Gerhard Conrad stellt die Radiobotschaften vor, die von unserem Planeten zu möglicherweise bewohnten Exowelten unterwegs sind.
Funken, Radioausbrüche, Radioastronomie

Gäbe es einen Preis für das schlechteste Sachbuch des Jahres, so würde ich gerne dieses Werk nominieren. Extrem langatmig liest sich das Buch des Pensionärs Gerhard Conrad, das den Lesern die Botschaften vorstellen möchte, die die Menschheit bisher per Radiowellen an andere Sterne geschickt hat. Was eigentlich nach einer pfiffigen Idee klingt, entpuppt sich als strukturloser Bandwurm. Insgesamt 26 gesendete Nachrichten hat Conrad ausgemacht, und dementsprechend gibt es 26 gleichartige Kapitel. Ein weiteres Kapitel widmet sich dem 1977 empfangenen »Wow«-Signal, das bei Alien-Fans immer noch als mögliche Entdeckung einer außerirdischen Botschaft gehandelt wird.

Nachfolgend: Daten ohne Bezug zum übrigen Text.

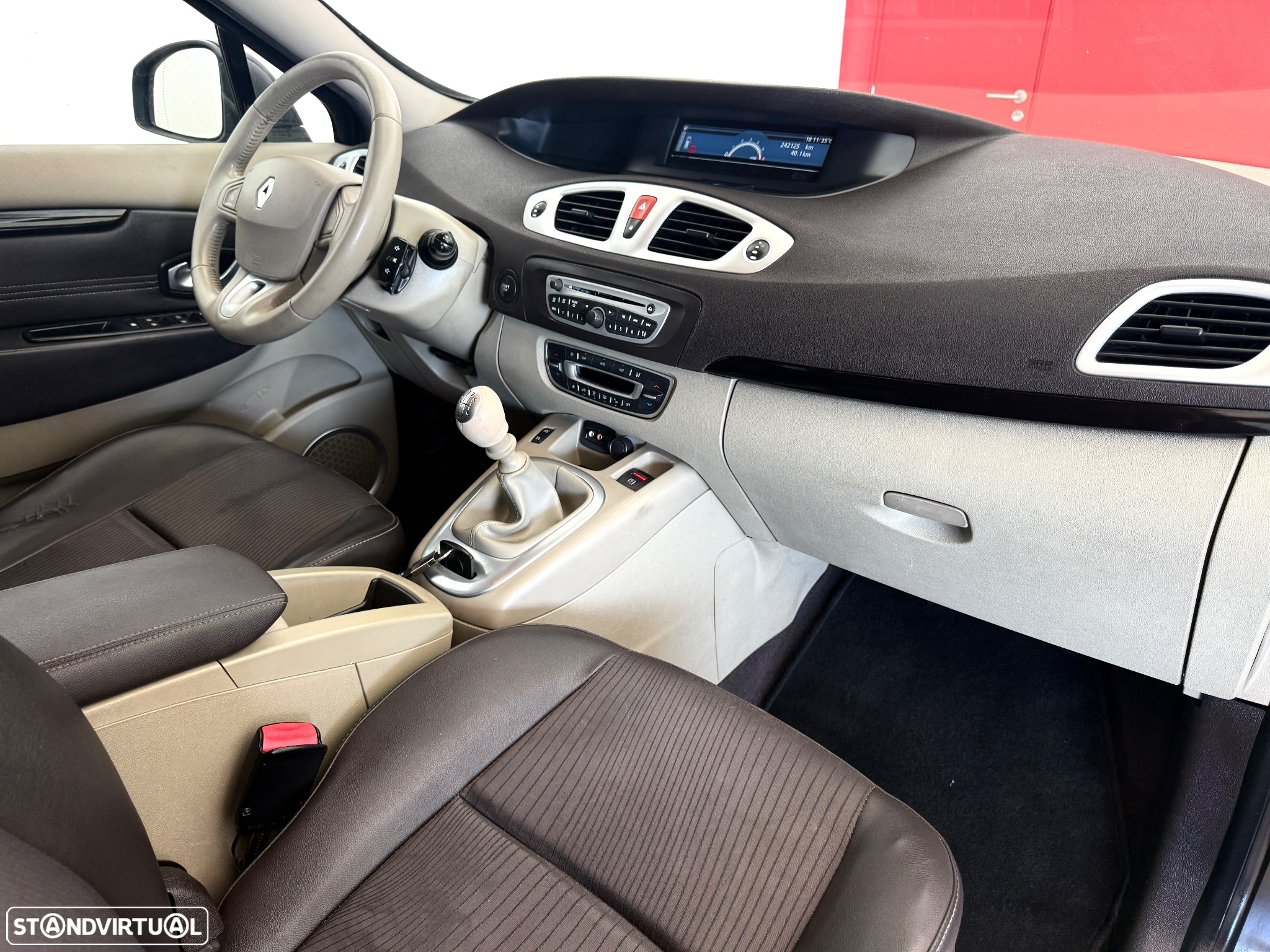 Renault Grand Scénic 1.5 dCi Dynamique S 7L - 15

Als Einführung präsentiert der Autor einen kurzen, unvollständigen und flachen Abriss der Geschichte der Astronomie. Sein Werk endet mit einem Kapitel, in dem er versucht zu diskutieren, ob man interstellare Kommunikation versuchen soll. Leider fehlt es dem Text auch hier an gedanklicher Tiefe, was sich bereits an der Kürze des Kapitels zeigt. Dafür finden sich allgemeine Aussagen über interstellare Kommunikation verstreut in den einzelnen Kapiteln, die man besser in einem übergreifenden Kapitel gesammelt hätte. So bleibt das Buch ohne Dramaturgie und rechte Struktur.

Die 26 Kapitel über die Botschaften sind allesamt gleich gestrickt: Sie präsentieren die eigentlichen Botschaften nur kurz; die meiste Zeit müssen sich die Leser durch die Beschreibungen der Sterne und Exoplaneten quälen, zu denen die Radiosendungen unterwegs sind. So werden für jeden Stern seine Leuchtkraft, sein Alter, seine Masse, seine Metallizität und sein Abstand diskutiert, und ebenso wird für die zugehörigen Exoplaneten angegeben, was man über deren Beschaffenheit weiß. Diese Information hätte vermutlich leicht in einer doppelseitigen Tabelle Platz gefunden – wohlgemerkt, in einer Tabelle für alle 26 Kapitel.

So stößt man dann auch hin und wieder im Text auf einen Exoplaneten, den Experten für lebensfreundlich halten – aber eine Übersicht, welche der 26 Botschaften dementsprechend eine reelle Chance hat, entdeckt zu werden, fehlt. Ebenso hat Conrad es versäumt, die Reichweite der Botschaften zu vergleichen, die sich aus Sendeleistung und Strahlbündelung ergibt. So dürfte nicht nur die Signallaufzeit der Arecibo-Sendung von 1974 zum Kugelsternhaufen M13 mit rund 25 000 Jahren problematisch sein, sondern auch einfach die für so einem Abstand geringe Signalstärke. Eine weitere offensichtliche Auslassung: Conrad diskutiert nicht, inwieweit die Erde aufgrund des allgemeinen Radiolärms, den die Menschen verursachen, für Extraterrestrische entdeckbar ist.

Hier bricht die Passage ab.